On World Mental Health Day last month, the preliminary stages of a five-a-side tournament were held at the Woodhouse Park Lifestyle Centre, Wythenshawe. The event kick started a month-long campaign of mental health awareness organised by Manchester United Foundation and Wythenshawe Community Housing Group (WCHG), culminating in the finals of the tournament at the legendary Cliff Training Ground, Salford.
To celebrate the manner in which this highly competitive tournament was played, former Manchester United manager and Busby Babe, Wilf McGuinness was on hand to present all the finalists with their medals. Participants came from all over Greater Manchester and are members of community groups helping them deal with health or mental health problems.

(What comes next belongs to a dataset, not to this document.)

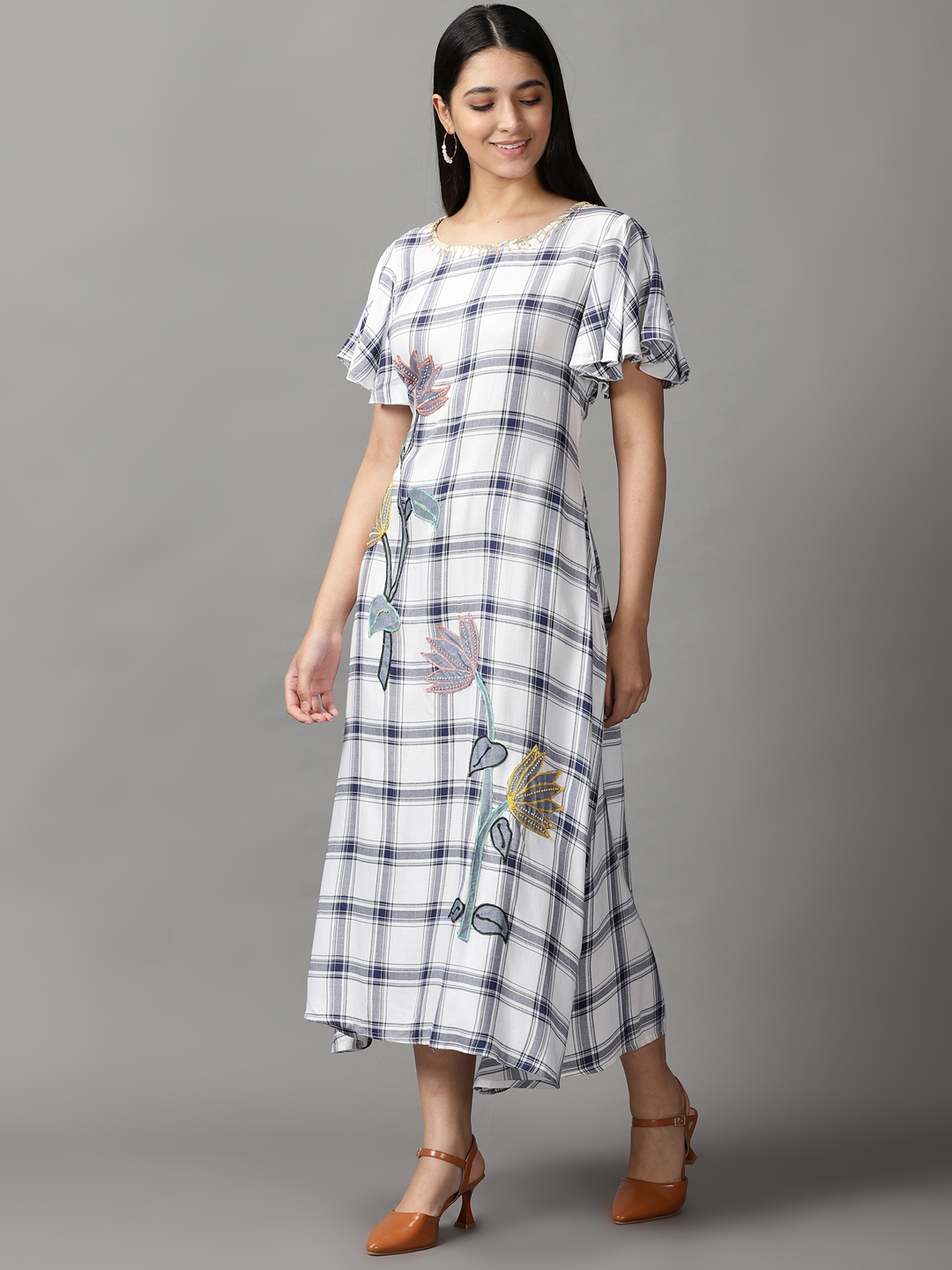Showoff | SHOWOFF Women White Checked Round Neck Short Sleeves Maxi Fit and Flare Dress 2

Representing the Reds, Wythenshawe’s Lifestyle United narrowly missed out in the final against Benchill Community Centre – decked in City sky-blue – but in a tournament aimed at raising awareness of mental health and to highlight the support that is available there could be no losers, as tournament organiser and Foundation health project co-ordinator, Steve Hoy says, “Everyone is a winner!”
"Today was everything we wanted in terms of bringing people from the community together who don’t always have a chance in life for whatever reason that may be,” Steve explains.

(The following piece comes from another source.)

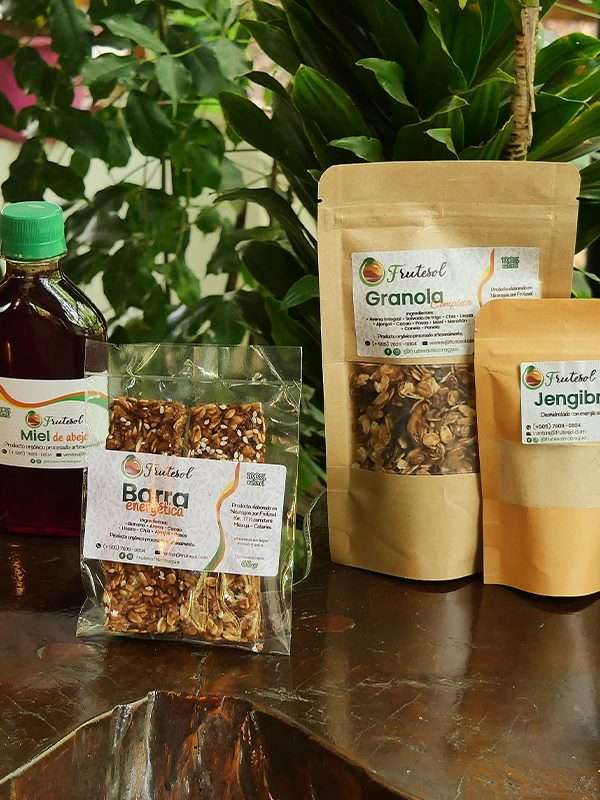 Los estudiantes conocieron los diferentes productos que se elaboran y venden en la cabañita Frutesol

“With it being such a success we hope it will be an annual thing and involve more teams. Hopefully today has given them a focus and a step up. Playing at The Cliff doesn’t happen every day, some of the biggest legends in the history of the game have gone through this place including Best, Charlton, Robson, Cantona and Giggs - it doesn’t get any better than that. To come here and follow in their footsteps and then for the players to meet a true living legend in Wilf McGuinness makes it a great day for all of us.”
Brushing aside his disappointment of losing in a semi-final match, Derek Coley of Wythenshawe was delighted to meet Wilf and share a unique footballing experience: “I’m gutted to have lost because it was a special occasion and you don’t want it to end, but I’ve been attending Steve’s health project for the last four years and I can’t thank him enough. Today has been tremendous, it was great to meet Wilf; it’s something I’ll never forget.”
Likewise, the man who took over from Sir Matt Busby in 1969 recognised the importance of the work the Foundation has carried out with WCHG. After entertaining the players with stories from his playing and coaching career and showing all in attendance the injury that ended his playing career at the age of 22, Wilf McGuiness said:
“It’s terrific to be back at The Cliff and witness a tournament like this played in the right spirit. These men have got it hard and it’s difficult for them for one reason or another. So to come down to Manchester United and for the Foundation to get them to believe in themselves and steer them in the right direction, that’s what it’s all about.”
And it was the Busby Babe’s departing words to this group of local men that summed up the ethos of the tournament and saw every participant leave with their heads held high:
“Get it into your hearts and in your head that if you can do it in football then you can do it in life. Self-belief is what I believe in. If you believe in yourself, you will get there in the end.”